The ban, sought by Samsung, would have gone into effect today had not the U.S. Trade Representative issued the veto.
U.S. trade representative Michael Froman said he issued the veto because the ban would harm consumers and the U.S. economy. He said Samsung could pursue enforcement of its cellular-related patent by seeking monetary damages in courts.
The products at issue are the iPhone 4, iPhone 3GS, iPad 3G, iPad2 3G and iPad 3, but only the iPhone 4 and cellular-equipped iPad 2 were available on the Apple and AT&T online stores at the time the ITC issued its ban in June.
Apple contended that the technology in question is an essential part of a cellular-industry standard and has tried to license the technology, but Apple contends Samsung isn’t licensing that technology under fair, reasonable, and non-discriminatory (FRAND) licensing terms as contributors to industry standards-settings bodies normally do.
The veto, which can’t be appealed, was the first veto of an ITC decision in decades.
The decision could dissuade telecom and technology companies from pursuing import bans against rivals in the future and steer those companies toward pursuing monetary damages in courts, although courts could also impose sales bans.
In a letter to the ITC, Froman advised the commission that it “should be certain to … examine thoroughly and carefully on its own initiative the public interest issues presented both at the outset of its proceeding and when determining whether a particular remedy is in the public interest.”
Froman’s decision was criticized by technology companies in the Innovation Alliance, whose members include Qualcomm, InterDigital and others. The group contended that Froman’s letter to the ITC “offers no explanation of the reasons for the disapproval, presenting participants in standard-setting bodies with perhaps the worst of all possible outcomes—da decision that overturns decades of settled understanding without clear guidance to the parties to inform their future FRAND negotiations.”

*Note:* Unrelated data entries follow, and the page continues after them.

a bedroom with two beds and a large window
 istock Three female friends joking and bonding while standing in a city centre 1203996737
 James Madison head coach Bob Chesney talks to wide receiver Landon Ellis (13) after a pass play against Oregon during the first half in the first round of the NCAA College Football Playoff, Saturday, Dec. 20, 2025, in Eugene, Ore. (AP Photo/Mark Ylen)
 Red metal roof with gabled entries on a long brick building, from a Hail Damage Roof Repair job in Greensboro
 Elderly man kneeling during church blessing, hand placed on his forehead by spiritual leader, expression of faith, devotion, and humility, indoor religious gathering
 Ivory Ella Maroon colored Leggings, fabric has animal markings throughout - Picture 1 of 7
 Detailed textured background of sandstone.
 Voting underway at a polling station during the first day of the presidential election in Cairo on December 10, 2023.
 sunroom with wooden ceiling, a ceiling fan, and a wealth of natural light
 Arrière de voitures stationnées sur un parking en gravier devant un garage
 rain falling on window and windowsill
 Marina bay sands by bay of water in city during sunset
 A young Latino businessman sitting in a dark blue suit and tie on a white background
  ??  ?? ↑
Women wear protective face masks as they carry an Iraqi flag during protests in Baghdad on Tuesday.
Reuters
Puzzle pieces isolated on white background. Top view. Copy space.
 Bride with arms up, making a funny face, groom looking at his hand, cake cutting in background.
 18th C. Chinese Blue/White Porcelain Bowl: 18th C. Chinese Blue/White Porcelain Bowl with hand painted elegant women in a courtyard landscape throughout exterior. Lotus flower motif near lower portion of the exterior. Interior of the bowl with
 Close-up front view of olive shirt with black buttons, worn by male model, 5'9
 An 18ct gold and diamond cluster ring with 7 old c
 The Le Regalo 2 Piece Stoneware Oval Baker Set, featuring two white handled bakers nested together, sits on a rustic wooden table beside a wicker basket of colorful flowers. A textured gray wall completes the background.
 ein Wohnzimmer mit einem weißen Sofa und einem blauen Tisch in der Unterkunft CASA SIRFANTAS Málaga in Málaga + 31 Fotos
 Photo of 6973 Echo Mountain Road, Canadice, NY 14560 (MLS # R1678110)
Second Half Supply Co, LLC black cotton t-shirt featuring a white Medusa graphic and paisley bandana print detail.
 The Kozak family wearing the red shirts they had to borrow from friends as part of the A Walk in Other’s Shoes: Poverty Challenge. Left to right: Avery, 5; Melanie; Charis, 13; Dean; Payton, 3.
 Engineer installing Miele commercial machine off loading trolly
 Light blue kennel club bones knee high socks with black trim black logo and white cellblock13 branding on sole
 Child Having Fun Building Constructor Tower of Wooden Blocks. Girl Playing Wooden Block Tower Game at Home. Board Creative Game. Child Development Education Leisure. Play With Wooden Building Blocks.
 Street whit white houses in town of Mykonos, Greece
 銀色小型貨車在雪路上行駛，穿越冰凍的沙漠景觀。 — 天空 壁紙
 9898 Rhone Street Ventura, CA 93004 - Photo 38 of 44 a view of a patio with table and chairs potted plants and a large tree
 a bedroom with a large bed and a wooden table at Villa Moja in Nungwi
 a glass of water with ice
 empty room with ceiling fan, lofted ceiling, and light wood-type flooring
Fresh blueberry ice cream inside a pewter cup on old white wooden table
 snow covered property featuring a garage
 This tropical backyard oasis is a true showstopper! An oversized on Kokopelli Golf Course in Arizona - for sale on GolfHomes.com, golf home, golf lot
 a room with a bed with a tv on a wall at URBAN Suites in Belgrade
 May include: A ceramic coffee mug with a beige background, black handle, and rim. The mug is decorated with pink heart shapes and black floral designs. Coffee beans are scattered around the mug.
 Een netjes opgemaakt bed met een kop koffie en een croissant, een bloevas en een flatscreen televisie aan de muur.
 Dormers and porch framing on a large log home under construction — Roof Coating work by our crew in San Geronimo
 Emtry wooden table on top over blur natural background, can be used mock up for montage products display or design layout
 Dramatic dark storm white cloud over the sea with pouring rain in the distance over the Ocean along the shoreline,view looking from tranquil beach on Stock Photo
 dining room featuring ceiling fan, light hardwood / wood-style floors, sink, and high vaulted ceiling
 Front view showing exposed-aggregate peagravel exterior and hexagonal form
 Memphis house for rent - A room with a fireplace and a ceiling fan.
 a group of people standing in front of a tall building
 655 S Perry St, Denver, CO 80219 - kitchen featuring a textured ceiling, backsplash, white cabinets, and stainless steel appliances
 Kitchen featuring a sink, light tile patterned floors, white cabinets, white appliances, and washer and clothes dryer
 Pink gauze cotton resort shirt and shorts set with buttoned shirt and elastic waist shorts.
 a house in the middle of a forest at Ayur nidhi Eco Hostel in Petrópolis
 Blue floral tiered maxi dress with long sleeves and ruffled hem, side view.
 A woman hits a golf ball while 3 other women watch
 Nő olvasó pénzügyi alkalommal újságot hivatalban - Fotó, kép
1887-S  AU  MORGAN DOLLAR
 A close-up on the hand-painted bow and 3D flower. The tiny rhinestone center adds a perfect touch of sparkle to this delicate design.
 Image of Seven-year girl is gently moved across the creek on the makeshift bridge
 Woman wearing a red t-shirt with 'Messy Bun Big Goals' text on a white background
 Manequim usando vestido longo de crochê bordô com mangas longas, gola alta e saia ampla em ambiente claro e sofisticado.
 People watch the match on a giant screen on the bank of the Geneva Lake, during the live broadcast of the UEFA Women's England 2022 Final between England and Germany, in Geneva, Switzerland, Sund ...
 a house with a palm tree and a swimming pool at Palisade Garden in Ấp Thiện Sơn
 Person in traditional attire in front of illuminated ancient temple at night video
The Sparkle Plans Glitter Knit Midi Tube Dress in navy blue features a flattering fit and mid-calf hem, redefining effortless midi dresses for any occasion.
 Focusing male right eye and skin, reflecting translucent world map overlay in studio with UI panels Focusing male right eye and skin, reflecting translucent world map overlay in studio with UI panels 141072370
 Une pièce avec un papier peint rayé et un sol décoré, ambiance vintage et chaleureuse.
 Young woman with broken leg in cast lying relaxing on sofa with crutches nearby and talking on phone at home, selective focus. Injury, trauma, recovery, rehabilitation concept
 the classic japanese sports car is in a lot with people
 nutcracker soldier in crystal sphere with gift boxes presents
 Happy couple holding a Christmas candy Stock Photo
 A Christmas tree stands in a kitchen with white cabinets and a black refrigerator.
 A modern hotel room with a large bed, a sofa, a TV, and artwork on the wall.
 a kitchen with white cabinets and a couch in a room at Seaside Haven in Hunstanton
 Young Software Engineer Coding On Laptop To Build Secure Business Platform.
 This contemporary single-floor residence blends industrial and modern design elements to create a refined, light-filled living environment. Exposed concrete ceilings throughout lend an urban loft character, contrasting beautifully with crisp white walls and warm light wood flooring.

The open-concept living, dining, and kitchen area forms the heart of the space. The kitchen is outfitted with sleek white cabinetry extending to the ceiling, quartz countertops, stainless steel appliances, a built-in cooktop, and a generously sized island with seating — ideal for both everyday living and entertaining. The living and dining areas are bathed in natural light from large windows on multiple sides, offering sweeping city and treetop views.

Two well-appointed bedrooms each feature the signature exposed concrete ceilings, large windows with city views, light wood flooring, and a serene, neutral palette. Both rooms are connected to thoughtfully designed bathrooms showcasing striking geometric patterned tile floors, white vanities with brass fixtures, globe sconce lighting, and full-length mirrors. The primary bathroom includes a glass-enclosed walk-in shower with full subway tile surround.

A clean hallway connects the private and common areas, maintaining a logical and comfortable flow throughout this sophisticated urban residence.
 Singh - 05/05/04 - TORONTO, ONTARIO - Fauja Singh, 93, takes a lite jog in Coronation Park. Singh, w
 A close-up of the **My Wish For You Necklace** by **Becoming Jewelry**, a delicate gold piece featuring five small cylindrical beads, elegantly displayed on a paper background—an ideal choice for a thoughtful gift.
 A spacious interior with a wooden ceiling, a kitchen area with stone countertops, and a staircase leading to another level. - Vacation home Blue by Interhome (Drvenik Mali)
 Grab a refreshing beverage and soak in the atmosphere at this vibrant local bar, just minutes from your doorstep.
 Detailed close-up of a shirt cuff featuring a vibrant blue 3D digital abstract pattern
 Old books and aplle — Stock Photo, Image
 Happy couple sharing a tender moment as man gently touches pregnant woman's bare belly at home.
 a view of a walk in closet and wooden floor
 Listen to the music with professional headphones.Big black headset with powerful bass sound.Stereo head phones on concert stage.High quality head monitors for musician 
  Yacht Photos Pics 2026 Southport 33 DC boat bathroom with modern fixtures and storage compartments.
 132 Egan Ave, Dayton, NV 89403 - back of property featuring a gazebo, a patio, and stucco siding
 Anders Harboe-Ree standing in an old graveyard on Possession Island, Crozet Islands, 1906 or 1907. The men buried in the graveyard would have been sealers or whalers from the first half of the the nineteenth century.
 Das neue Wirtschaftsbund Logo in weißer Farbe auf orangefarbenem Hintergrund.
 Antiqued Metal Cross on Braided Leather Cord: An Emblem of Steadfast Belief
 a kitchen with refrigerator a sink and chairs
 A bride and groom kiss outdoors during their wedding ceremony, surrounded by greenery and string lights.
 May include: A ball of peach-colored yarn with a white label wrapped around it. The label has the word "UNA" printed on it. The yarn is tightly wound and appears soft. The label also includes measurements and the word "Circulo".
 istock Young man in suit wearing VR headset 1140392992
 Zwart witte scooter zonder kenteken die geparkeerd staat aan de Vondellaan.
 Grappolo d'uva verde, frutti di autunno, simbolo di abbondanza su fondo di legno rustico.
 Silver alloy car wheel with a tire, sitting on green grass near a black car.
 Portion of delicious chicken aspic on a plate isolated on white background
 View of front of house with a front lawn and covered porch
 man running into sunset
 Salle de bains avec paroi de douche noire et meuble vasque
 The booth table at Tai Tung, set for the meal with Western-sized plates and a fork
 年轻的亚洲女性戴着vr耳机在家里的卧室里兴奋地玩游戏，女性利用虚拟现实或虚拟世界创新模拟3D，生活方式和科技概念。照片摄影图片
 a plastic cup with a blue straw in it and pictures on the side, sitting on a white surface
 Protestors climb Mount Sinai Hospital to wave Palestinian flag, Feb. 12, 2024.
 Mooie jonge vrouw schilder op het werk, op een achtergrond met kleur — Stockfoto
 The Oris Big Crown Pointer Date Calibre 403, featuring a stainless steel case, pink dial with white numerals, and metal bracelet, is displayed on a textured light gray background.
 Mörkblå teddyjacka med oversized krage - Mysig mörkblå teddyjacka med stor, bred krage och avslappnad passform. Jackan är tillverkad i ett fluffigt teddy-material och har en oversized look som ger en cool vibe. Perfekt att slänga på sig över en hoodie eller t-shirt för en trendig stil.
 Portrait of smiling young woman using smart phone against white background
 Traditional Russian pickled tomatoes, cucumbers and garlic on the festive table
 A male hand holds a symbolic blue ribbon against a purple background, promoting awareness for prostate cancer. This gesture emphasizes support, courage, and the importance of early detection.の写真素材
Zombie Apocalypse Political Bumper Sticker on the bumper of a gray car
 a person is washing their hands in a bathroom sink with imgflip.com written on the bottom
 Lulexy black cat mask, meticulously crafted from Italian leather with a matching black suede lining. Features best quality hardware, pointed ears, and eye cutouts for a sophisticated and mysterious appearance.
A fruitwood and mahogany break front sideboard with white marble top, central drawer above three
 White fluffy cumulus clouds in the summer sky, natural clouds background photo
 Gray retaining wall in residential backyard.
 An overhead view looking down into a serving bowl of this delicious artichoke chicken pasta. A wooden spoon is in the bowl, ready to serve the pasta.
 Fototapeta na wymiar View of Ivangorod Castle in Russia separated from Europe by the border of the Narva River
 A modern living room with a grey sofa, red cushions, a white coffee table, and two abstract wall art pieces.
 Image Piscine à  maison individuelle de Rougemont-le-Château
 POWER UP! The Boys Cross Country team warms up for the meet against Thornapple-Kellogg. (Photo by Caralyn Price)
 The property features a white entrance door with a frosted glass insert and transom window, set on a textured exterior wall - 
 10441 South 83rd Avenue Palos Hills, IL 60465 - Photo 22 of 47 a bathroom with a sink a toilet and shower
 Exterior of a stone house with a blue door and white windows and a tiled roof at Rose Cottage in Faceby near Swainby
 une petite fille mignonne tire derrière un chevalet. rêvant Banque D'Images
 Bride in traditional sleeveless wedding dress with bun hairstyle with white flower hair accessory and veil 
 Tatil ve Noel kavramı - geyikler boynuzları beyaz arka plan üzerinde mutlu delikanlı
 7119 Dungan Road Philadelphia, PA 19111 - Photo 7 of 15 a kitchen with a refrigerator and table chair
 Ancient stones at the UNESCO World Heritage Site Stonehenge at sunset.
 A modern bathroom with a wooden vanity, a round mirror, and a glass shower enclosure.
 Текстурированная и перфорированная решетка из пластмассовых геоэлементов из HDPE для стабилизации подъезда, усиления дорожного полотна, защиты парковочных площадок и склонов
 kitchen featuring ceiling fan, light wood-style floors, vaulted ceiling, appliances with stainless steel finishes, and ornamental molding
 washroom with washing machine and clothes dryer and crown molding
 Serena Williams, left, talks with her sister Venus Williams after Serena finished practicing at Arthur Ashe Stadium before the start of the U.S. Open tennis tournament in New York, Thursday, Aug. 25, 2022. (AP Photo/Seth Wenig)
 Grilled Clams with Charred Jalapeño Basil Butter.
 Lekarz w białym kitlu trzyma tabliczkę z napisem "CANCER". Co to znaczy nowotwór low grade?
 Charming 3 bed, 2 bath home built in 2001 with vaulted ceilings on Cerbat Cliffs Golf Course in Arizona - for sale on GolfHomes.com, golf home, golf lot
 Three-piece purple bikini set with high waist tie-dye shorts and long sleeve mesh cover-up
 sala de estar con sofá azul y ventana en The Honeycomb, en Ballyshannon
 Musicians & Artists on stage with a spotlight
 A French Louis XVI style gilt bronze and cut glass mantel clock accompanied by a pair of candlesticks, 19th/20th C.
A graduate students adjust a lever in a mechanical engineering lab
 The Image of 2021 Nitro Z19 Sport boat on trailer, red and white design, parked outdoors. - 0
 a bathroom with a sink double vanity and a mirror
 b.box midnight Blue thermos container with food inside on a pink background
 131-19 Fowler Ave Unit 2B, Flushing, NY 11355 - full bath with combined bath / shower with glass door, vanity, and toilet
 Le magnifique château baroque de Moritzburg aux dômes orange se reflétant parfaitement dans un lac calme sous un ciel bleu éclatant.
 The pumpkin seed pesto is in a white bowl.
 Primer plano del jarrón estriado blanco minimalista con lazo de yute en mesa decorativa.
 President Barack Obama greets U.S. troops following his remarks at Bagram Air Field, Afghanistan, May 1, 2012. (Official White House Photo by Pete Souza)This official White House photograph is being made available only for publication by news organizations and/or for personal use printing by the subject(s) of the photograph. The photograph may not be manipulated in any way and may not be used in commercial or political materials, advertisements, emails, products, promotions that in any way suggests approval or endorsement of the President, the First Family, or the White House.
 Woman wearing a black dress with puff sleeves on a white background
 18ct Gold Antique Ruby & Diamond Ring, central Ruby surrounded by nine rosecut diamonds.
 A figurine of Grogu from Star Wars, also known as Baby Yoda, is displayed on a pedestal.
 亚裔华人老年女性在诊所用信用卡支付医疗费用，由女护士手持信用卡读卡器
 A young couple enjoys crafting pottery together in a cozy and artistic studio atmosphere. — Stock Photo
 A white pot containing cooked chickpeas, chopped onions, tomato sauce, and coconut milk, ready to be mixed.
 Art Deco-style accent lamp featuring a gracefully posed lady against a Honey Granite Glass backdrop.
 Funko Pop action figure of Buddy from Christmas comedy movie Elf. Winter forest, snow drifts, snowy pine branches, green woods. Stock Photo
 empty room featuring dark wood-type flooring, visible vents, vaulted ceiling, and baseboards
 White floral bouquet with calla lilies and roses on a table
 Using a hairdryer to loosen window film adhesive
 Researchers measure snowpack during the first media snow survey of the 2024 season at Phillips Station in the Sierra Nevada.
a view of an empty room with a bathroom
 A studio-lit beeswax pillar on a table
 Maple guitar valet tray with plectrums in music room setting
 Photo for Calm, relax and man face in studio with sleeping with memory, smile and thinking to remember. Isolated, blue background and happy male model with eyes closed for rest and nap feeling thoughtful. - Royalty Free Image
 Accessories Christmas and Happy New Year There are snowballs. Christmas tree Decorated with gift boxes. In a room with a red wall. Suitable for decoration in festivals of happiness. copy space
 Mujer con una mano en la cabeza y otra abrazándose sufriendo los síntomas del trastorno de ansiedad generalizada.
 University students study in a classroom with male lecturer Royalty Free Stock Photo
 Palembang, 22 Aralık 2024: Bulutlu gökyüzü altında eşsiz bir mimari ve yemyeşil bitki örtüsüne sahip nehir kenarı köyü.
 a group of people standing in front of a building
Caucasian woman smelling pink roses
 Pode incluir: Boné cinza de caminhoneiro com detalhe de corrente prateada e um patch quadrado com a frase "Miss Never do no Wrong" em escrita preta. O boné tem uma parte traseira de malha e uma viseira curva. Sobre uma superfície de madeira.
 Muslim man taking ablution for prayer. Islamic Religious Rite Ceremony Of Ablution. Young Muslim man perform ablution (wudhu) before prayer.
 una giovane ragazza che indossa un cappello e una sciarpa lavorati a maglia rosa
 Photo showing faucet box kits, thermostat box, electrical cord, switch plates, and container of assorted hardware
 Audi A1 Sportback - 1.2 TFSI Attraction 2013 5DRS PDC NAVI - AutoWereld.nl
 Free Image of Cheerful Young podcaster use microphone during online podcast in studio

In addition, the alliance said, “’The decision is particularly damaging given that the patent at issue was never found to be standard-essential but was only declared by its owner that it might be or might in the future become essential.”
The alliance continued, “It is hard to see how this decision will do anything but lead to less participation in standard-setting bodies and more litigation involving not just standard-essential patents but also declared-standard essential patents. That is bad for innovation and bad for U.S. consumers.”